It’s Game 7 of the 2015 NBA Finals, and the Cavaliers’ LeBron James has beaten the Spurs’ Kawhi Leonard down the floor with time running out.
James gathers in a long pass from Kyrie Irving and dunks the ball. The Cavaliers take a one-point lead with one second left on the clock, and the fans at Quicken Loans Arena are delirious.
Wait, what was that?
Yep, a whistle. The crowd groans as James is called offside and the Spurs get not only the ball but the victory and their second consecutive NBA championship.
That’s how different the NBA would be with a version of offside.
So many times during the World Cup, an official could be seen holding the offside flag, negating a dramatic breakaway by an aggressive offensive team.
We know offside is a tradition of the “beautiful game,” and soccer purists are aghast at the idea of abolishing it.

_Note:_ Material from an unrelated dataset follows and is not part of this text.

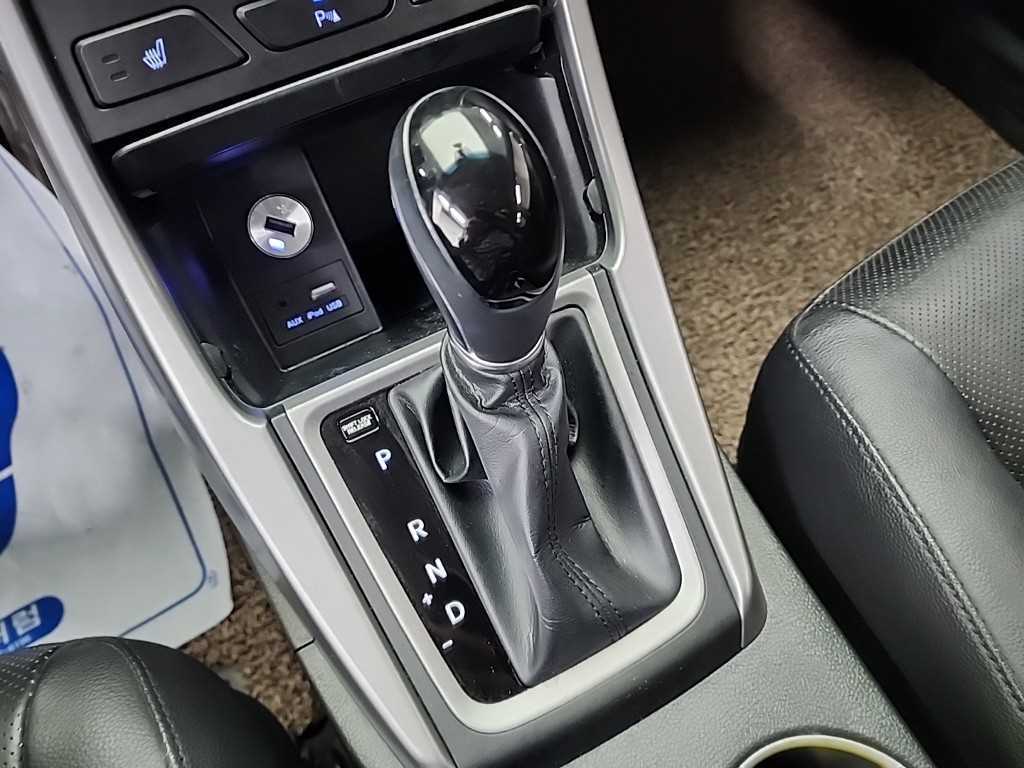 HYUNDAI Avante - Vista 8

The rule keeps players from parking themselves around the opponent’s goal, playing just the offensive end of the pitch, and allows defenders to move up and apply pressure on the opponent.
But the rule also allows defenses to employ offside traps, where the defensive line moves up quickly, causing an opponent to be offside and possibly winning a free kick. And a quick-thinking defender who figures he will be beaten by a quicker opponent might slow enough to allow the opponent to run past him, knowing offside will be called to negate a possible goal.
Perhaps it’s time for another modification of the offside rule so aggressive offensive attacks aren’t penalized.